In the discussion of why NFP is okay when contraception is not, in paragraph 16 of Humanae Vitae, Paul VI explained that it was to be used only for good reason:
If therefore there are well-grounded reasons for spacing births, arising from the physical or psychological condition of husband or wife, or from external circumstances, the Church teaches that married people may then take advantage of the natural cycles immanent in the reproductive system and engage in marital intercourse only during those times that are infertile, thus controlling birth in a way which does not in the least offend the moral principles which We have just explained.
NFP was never intended to be the normal or ideal way that Catholics engaged in the marital act. It’s not healthy, virtuous or wise to obsess over NFP, particularly when one has the resources to welcome another child.

My concern is that NFP seems to be presented as the normal or ideal way that Catholics should approach their sexuality.
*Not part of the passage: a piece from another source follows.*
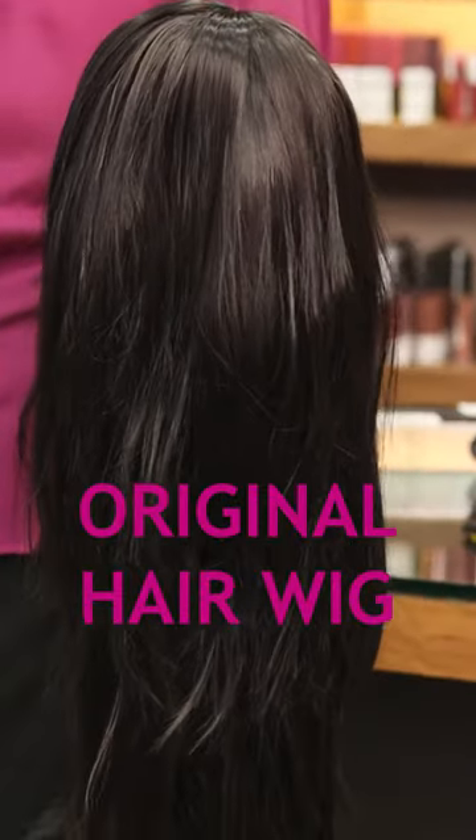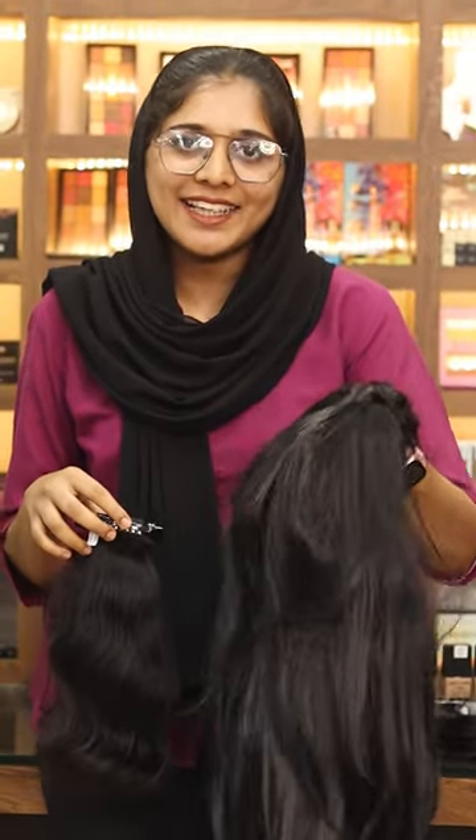We also have an original hair extension and an original hair wig available. We will see the details of this and be aware of the details. Thank you!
And without a doubt, it’s far better than contraception. Back in 1880, the Sacred Penintentiary confirmed that “a confessor may, with due caution, suggest this proposal [avoiding intercourse during fertile periods] to spouses if his other attempts to lead them away from the detestable crime of onanism [that is, the “withdrawal” method] have proved fruitless.” So if the choice is between contraception (which is sinful), and NFP (which isn’t), easy choice.

But if the choice is between NFP and simply being open to new life without trying to make a plan, the latter is even more ideal. NFP has never been the ideal way to approach human sexuality, and if you find that you’re over-reliant on it (particularly if you have the resources to welcome another child), it might be time to take a step out in faith, and trust God not to give you more than you can handle.

Update: The second section above is intended to refer to using NFP to prevent pregnancy. I’ve modified one of the sentences to eliminate ambiguity on this point.